━━━━━ MATERIALS PROVIDED ━━━━━
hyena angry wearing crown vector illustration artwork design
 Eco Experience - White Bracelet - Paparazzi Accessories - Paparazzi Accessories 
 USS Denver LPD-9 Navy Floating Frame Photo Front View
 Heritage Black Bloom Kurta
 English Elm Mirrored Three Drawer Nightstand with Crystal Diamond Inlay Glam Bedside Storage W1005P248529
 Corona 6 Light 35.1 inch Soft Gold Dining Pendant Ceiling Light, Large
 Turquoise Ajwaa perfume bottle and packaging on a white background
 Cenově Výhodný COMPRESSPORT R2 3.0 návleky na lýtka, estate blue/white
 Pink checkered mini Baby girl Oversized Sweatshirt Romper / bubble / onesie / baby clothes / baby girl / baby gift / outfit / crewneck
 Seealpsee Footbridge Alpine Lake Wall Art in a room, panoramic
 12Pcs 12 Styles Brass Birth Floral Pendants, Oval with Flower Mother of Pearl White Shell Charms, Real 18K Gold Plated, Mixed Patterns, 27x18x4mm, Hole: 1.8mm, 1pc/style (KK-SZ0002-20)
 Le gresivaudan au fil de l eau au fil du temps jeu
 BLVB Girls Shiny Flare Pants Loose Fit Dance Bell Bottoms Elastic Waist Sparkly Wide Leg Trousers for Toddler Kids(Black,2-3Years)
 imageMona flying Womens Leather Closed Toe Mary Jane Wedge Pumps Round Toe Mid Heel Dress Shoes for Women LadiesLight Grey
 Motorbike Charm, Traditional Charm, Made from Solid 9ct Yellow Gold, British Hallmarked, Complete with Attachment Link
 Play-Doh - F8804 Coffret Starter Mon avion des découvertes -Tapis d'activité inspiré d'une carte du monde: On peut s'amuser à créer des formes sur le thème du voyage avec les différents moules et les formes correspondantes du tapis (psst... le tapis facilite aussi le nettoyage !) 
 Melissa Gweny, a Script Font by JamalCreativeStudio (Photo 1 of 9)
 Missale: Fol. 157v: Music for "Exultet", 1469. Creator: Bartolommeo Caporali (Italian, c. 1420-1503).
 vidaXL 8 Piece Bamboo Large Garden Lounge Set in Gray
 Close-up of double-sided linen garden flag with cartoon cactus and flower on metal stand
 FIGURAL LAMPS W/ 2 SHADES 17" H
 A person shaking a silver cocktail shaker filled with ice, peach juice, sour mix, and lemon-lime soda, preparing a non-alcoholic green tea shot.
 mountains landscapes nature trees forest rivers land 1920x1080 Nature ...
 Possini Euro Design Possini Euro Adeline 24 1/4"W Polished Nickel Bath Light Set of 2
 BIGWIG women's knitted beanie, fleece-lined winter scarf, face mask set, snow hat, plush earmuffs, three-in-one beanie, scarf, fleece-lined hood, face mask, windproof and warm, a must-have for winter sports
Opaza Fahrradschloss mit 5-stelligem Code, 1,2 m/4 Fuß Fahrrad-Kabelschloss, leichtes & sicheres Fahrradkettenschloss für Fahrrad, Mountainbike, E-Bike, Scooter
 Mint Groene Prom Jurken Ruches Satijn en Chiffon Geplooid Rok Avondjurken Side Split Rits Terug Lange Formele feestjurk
━━━━━
■ TASK REQUIREMENTS: The records above must be reproduced word for word.

■ COMPLETED TASK:
hyena angry wearing crown vector illustration artwork design
 Eco Experience - White Bracelet - Paparazzi Accessories - Paparazzi Accessories 
 USS Denver LPD-9 Navy Floating Frame Photo Front View
 Heritage Black Bloom Kurta
 English Elm Mirrored Three Drawer Nightstand with Crystal Diamond Inlay Glam Bedside Storage W1005P248529
 Corona 6 Light 35.1 inch Soft Gold Dining Pendant Ceiling Light, Large
 Turquoise Ajwaa perfume bottle and packaging on a white background
 Cenově Výhodný COMPRESSPORT R2 3.0 návleky na lýtka, estate blue/white
 Pink checkered mini Baby girl Oversized Sweatshirt Romper / bubble / onesie / baby clothes / baby girl / baby gift / outfit / crewneck
 Seealpsee Footbridge Alpine Lake Wall Art in a room, panoramic
 12Pcs 12 Styles Brass Birth Floral Pendants, Oval with Flower Mother of Pearl White Shell Charms, Real 18K Gold Plated, Mixed Patterns, 27x18x4mm, Hole: 1.8mm, 1pc/style (KK-SZ0002-20)
 Le gresivaudan au fil de l eau au fil du temps jeu
 BLVB Girls Shiny Flare Pants Loose Fit Dance Bell Bottoms Elastic Waist Sparkly Wide Leg Trousers for Toddler Kids(Black,2-3Years)
 imageMona flying Womens Leather Closed Toe Mary Jane Wedge Pumps Round Toe Mid Heel Dress Shoes for Women LadiesLight Grey
 Motorbike Charm, Traditional Charm, Made from Solid 9ct Yellow Gold, British Hallmarked, Complete with Attachment Link
 Play-Doh - F8804 Coffret Starter Mon avion des découvertes -Tapis d'activité inspiré d'une carte du monde: On peut s'amuser à créer des formes sur le thème du voyage avec les différents moules et les formes correspondantes du tapis (psst... le tapis facilite aussi le nettoyage !) 
 Melissa Gweny, a Script Font by JamalCreativeStudio (Photo 1 of 9)
 Missale: Fol. 157v: Music for "Exultet", 1469. Creator: Bartolommeo Caporali (Italian, c. 1420-1503).
 vidaXL 8 Piece Bamboo Large Garden Lounge Set in Gray
 Close-up of double-sided linen garden flag with cartoon cactus and flower on metal stand
 FIGURAL LAMPS W/ 2 SHADES 17" H
 A person shaking a silver cocktail shaker filled with ice, peach juice, sour mix, and lemon-lime soda, preparing a non-alcoholic green tea shot.
 mountains landscapes nature trees forest rivers land 1920x1080 Nature ...
 Possini Euro Design Possini Euro Adeline 24 1/4"W Polished Nickel Bath Light Set of 2
 BIGWIG women's knitted beanie, fleece-lined winter scarf, face mask set, snow hat, plush earmuffs, three-in-one beanie, scarf, fleece-lined hood, face mask, windproof and warm, a must-have for winter sports
Opaza Fahrradschloss mit 5-stelligem Code, 1,2 m/4 Fuß Fahrrad-Kabelschloss, leichtes & sicheres Fahrradkettenschloss für Fahrrad, Mountainbike, E-Bike, Scooter
 Mint Groene Prom Jurken Ruches Satijn en Chiffon Geplooid Rok Avondjurken Side Split Rits Terug Lange Formele feestjurk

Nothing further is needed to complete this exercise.